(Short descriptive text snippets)
== Segment start ==

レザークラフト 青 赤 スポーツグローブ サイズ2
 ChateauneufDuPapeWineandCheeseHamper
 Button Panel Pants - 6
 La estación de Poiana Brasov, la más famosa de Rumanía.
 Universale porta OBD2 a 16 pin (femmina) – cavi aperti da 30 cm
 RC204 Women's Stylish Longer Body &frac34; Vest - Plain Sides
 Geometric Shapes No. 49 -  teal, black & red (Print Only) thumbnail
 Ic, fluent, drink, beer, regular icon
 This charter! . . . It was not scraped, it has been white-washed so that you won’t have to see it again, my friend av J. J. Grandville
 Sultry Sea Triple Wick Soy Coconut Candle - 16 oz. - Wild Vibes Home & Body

== Segment end ==

**Assigned task:**
This task calls for the number of lines in the entries that contain the string "Body", with no accompanying text.

**Written answer:**
2